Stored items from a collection
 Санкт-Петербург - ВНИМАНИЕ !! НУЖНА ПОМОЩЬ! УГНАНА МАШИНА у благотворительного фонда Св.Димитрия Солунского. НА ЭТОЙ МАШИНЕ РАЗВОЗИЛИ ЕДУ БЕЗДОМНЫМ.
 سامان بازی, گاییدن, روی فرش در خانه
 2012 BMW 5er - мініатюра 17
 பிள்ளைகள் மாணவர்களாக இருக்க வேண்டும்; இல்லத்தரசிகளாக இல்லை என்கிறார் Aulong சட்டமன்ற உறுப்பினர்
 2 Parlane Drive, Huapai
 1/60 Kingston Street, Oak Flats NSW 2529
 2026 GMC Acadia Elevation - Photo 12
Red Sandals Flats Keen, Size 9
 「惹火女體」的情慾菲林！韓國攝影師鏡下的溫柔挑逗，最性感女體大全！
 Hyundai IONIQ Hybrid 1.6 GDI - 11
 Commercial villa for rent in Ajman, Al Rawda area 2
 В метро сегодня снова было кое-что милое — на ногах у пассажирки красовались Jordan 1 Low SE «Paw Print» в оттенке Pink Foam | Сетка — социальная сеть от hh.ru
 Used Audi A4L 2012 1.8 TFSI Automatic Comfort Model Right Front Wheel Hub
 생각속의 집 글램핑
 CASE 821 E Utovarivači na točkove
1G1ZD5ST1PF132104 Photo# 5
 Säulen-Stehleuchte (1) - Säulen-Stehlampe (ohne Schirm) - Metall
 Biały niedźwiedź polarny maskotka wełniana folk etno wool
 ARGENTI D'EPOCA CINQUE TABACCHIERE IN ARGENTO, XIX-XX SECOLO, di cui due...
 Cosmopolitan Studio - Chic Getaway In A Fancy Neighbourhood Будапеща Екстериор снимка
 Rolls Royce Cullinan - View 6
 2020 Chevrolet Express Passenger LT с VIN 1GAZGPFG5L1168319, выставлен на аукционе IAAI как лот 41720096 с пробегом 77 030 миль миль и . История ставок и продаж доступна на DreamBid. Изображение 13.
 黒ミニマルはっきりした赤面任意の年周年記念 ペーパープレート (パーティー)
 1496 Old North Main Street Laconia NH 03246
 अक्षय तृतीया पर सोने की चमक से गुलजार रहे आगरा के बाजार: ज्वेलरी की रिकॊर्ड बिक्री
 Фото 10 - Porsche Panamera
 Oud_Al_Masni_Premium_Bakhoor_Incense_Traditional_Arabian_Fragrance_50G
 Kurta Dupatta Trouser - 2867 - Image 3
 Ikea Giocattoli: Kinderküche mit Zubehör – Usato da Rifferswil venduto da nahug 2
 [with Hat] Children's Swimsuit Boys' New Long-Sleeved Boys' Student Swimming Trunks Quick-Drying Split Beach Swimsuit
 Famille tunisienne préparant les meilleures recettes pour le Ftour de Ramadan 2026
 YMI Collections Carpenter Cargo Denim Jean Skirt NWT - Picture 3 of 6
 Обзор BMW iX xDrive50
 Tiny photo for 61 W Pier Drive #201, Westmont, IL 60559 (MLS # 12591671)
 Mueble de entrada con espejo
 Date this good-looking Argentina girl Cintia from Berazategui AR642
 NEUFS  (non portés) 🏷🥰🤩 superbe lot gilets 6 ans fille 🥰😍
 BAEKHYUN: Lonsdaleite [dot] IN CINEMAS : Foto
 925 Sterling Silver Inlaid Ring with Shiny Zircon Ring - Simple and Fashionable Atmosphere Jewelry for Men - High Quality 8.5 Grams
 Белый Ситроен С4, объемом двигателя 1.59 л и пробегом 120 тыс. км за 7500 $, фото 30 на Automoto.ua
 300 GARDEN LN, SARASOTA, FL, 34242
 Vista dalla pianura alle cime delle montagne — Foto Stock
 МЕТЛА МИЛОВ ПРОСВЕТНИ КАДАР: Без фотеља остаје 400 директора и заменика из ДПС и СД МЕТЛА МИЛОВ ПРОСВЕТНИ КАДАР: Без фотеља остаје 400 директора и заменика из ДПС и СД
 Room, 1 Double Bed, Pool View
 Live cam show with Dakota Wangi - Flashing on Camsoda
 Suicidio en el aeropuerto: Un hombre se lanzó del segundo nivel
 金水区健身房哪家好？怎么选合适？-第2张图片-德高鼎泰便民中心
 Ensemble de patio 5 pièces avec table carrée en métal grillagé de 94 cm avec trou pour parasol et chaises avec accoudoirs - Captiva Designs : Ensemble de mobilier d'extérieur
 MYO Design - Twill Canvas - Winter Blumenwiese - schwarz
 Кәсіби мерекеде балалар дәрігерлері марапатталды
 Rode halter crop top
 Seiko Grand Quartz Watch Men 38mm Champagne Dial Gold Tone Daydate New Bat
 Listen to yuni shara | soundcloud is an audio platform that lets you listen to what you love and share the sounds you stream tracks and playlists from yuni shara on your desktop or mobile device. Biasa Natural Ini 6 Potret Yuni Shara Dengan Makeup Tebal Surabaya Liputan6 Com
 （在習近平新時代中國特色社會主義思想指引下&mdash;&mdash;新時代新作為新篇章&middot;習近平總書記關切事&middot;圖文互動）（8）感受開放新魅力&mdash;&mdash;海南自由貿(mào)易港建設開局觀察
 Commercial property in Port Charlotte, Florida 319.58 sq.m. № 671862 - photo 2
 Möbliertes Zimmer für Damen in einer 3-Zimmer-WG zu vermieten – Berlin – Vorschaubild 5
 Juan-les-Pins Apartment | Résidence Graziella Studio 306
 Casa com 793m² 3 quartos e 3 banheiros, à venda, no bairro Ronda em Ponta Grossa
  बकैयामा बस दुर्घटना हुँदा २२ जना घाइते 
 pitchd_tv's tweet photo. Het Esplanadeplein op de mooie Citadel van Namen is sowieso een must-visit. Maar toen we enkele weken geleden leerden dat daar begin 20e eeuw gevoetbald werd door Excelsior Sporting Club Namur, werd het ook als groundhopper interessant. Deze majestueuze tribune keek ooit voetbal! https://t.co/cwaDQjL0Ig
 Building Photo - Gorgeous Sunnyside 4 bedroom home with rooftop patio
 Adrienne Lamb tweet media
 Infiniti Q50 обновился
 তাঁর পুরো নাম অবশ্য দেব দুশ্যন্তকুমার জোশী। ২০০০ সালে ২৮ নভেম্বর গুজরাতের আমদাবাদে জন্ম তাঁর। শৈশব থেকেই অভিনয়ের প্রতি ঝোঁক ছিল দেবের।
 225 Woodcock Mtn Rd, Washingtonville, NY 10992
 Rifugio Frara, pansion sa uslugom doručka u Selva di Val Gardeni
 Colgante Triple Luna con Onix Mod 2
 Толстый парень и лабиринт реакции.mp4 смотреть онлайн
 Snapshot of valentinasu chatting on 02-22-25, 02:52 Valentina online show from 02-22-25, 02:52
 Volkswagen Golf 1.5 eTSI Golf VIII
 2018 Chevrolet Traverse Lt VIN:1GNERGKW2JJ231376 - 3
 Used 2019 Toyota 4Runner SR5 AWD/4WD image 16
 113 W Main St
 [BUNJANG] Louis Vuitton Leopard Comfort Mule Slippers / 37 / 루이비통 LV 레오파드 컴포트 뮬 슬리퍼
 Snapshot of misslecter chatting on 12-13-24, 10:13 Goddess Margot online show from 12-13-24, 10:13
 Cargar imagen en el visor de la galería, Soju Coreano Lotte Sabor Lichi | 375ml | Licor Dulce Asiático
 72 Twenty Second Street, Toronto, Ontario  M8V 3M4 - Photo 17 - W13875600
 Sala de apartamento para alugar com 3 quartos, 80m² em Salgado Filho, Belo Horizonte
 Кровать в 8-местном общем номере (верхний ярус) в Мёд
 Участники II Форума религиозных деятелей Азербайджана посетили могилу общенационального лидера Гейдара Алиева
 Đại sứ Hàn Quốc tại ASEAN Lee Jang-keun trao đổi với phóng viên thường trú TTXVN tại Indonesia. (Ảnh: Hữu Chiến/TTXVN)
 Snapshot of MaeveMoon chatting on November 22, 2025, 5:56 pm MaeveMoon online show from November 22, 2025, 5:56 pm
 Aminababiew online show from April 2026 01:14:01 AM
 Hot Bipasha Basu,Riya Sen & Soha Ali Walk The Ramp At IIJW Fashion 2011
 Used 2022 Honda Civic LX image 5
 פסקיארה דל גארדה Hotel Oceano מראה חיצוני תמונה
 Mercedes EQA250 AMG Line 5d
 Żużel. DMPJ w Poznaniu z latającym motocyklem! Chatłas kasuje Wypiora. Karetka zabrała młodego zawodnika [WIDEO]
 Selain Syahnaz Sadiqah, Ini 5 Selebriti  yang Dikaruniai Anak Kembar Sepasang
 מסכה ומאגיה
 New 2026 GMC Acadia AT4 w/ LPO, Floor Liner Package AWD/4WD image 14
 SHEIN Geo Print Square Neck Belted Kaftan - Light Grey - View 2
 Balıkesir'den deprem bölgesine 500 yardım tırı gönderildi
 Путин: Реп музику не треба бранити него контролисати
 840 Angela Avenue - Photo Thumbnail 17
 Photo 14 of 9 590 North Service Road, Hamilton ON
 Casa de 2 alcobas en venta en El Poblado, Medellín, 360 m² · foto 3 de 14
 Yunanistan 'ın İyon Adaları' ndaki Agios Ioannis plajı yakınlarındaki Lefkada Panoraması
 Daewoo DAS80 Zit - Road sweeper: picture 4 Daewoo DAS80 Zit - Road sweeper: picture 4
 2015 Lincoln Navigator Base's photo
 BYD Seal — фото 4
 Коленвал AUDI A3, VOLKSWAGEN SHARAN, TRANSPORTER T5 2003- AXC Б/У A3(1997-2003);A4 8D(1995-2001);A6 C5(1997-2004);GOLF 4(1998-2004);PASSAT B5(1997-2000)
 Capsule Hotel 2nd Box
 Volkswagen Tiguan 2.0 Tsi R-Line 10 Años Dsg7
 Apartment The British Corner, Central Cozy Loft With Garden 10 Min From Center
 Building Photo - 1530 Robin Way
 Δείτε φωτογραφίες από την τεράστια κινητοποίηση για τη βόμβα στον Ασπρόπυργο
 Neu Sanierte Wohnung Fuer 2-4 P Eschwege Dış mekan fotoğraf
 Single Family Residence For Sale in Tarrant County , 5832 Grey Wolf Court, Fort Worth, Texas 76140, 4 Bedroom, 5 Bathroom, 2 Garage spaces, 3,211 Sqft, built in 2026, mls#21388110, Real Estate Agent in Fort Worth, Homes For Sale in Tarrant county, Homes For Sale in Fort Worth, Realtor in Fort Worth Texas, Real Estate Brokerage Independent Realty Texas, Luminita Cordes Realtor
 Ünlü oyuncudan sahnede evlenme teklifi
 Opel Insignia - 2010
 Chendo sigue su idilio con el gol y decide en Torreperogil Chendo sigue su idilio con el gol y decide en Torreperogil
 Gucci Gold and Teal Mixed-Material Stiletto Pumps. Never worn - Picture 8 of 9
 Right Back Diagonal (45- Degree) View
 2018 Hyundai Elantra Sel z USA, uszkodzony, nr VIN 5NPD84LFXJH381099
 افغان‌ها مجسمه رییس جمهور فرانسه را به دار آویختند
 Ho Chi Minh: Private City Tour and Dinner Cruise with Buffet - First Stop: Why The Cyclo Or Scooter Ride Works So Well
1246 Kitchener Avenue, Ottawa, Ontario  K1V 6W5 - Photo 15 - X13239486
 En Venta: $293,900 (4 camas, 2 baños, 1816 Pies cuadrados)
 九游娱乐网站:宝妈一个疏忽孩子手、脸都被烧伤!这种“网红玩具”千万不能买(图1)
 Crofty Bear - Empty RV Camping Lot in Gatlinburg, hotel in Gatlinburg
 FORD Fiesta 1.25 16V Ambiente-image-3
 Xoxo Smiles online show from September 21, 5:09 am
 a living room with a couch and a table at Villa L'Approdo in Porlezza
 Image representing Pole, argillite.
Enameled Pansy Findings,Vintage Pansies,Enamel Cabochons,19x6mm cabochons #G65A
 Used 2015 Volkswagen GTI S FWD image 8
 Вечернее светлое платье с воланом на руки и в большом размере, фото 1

THE PROBLEM: An exact copy of the lines from the one containing "Gucci Gold and" through the end of the data above is the whole answer.

RESPONSE:
 Gucci Gold and Teal Mixed-Material Stiletto Pumps. Never worn - Picture 8 of 9
 Right Back Diagonal (45- Degree) View
 2018 Hyundai Elantra Sel z USA, uszkodzony, nr VIN 5NPD84LFXJH381099
 افغان‌ها مجسمه رییس جمهور فرانسه را به دار آویختند
 Ho Chi Minh: Private City Tour and Dinner Cruise with Buffet - First Stop: Why The Cyclo Or Scooter Ride Works So Well
1246 Kitchener Avenue, Ottawa, Ontario  K1V 6W5 - Photo 15 - X13239486
 En Venta: $293,900 (4 camas, 2 baños, 1816 Pies cuadrados)
 九游娱乐网站:宝妈一个疏忽孩子手、脸都被烧伤!这种“网红玩具”千万不能买(图1)
 Crofty Bear - Empty RV Camping Lot in Gatlinburg, hotel in Gatlinburg
 FORD Fiesta 1.25 16V Ambiente-image-3
 Xoxo Smiles online show from September 21, 5:09 am
 a living room with a couch and a table at Villa L'Approdo in Porlezza
 Image representing Pole, argillite.
Enameled Pansy Findings,Vintage Pansies,Enamel Cabochons,19x6mm cabochons #G65A
 Used 2015 Volkswagen GTI S FWD image 8
 Вечернее светлое платье с воланом на руки и в большом размере, фото 1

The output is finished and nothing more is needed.